The same approach is taken for the title string in the image header
mapping. Since the history is stored as a subtable, only the name of
the subtable appears in the parent record, hence in the header mapping
we need provide only a simple static char buffer to receive the name of
the history subtable. The WCS array is not mapped since we may not
need it, and can easily fetch it separately.
-10-
DFIO (Feb88) Datafile I/O Interface DFIO (Feb88)
4. DFIO APPLICATIONS INTERFACE
The DFIO applications interface, if we ignore the data definition
language which is rarely used in applications programs, is a PROCEDURAL
INTERFACE emphasizing data tables and the retrieval, insertion,
modification, and deletion of records in tables.
4.1 DFIO PROCEDURES
The DFIO interface procedures are logically subdivided into the
following sets of procedures:
GENERAL DATAFILE MANAGEMENT PROCEDURES
Open and close, delete, rename, etc., a datafile.
DATA DEFINITION PROCEDURES
These procedures are used to define the objects to be stored in
the datafile, and the mapping of those objects to and from the
corresponding objects in an applications program. This must be
done before any data can be stored in the datafile. The data
definition is itself stored in the datafile, hence the datafile
is self describing.
TABLE ACCESS PROCEDURES
These procedures make use of the access method procedures to
fetch, insert, update, and delete packed data records as
physically stored in the datafile, using the data definitions
to encode and decode the stored records, and map the records to
and from the representation used by the applications program.
The primary functions of this interface are to pack and unpack
data records, and to provide applications programs with ready
access to these records.
ACCESS METHOD PROCEDURES
The access method procedures have sole responsibility for
managing the area of the datafile used to store data tables.

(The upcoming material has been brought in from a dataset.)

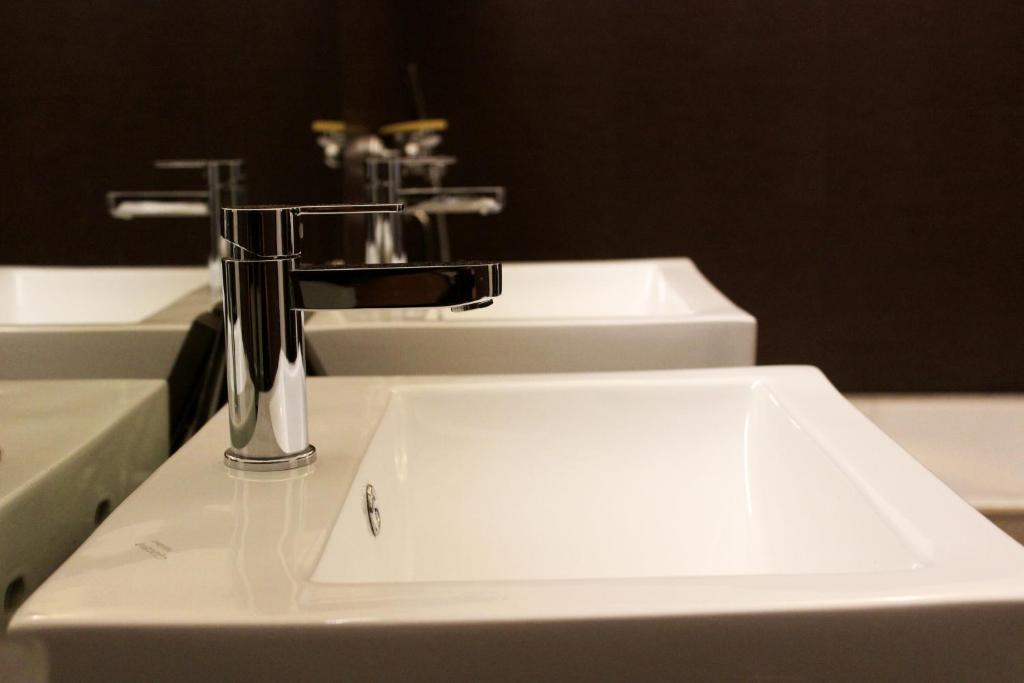迪马普尔Hotel Grand Tizu的浴室设有白色水槽和两面水龙头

At this level a data record is just an opaque byte stream. The
access method is responsible for creating and deleting data
tables, maintaining any indexes defined on a table, and
fetching, inserting, updating, or deleting packed data records
in base tables.
The data definition procedures are rarely used directly by applications,
which are expected to rely primarily upon the DDL for data definition.

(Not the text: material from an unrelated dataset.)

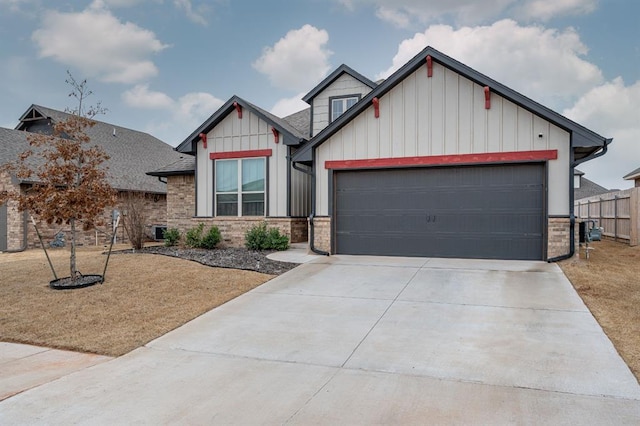 craftsman inspired home with driveway, a shingled roof, an attached garage, fence, and board and batten siding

DFIO makes use of the data definition procedures when it compiles a data
definition expressed in the DDL. Likewise, applications programs should
rarely need to call the access method procedures directly; the higer
level, more data independent table access procedures are used instead.
The main exception to this is when it is necessary to perform record
selection on a table as efficienty as possible, as is sometimes done in
-11-
DFIO (Feb88) Datafile I/O Interface DFIO (Feb88)
system code (e.g., the POE image kernel will use the access method
directly when selecting photon event records from the photon list
table).
4.1.1 GENERAL DATAFILE MANAGEMENT PROCEDURES
These are the usual top level package initialization, cleanup, and
query procedures, used to open an existing database, create a new one,
and so on.
df = df_open (datafile, mode)
df_close (df)
df_copy (df_in, df_out, what)
df_rename (old_datafile, new_datafile)
df_recover (datafile, out_fd)
df_destroy (datafile)
df_seti (df, param, ival)
ival = df_stati (df, param)
df_info (df, out_fd, what)
df_sync (df)
New datafiles are always empty when created. The data definition
procedures described in the next section must be used to define the
data elements to be stored in the datafile, after which the table
access procedures may be used to create new tables and insert data
records into them.
4.1.2 DATA DEFINITION PROCEDURES
The data definition procedures are used to define the data objects
(domains and relations) to be stored in the database. These procedures
are called either directly in user code, or indirectly during the
compilation of a data definition text file, i.e., with DF_COMPILE. The
DF_INHERIT procedure is used to load a precompiled data definition into
the datafile, e.g., to make a new version of an existing datafile.
df_compile (df, ddf_fname) # compile ddf
df_compileo (df, fd) # compile stream
df_inherit (df, old_df) # inherit ddf
df_setmapdf (df, mf) # set map ddf
The DF_SETMAPDF function is used to identify the mapping data
definitions to be used by the table access procedures. This defines a
second data dictionary (data definition symbol table) to be searched
BEFORE the datafile data dictionary is searched. Note that the
argument MF is a datafile descriptor, hence a separate MAPPING DATAFILE
-12-
DFIO (Feb88) Datafile I/O Interface DFIO (Feb88)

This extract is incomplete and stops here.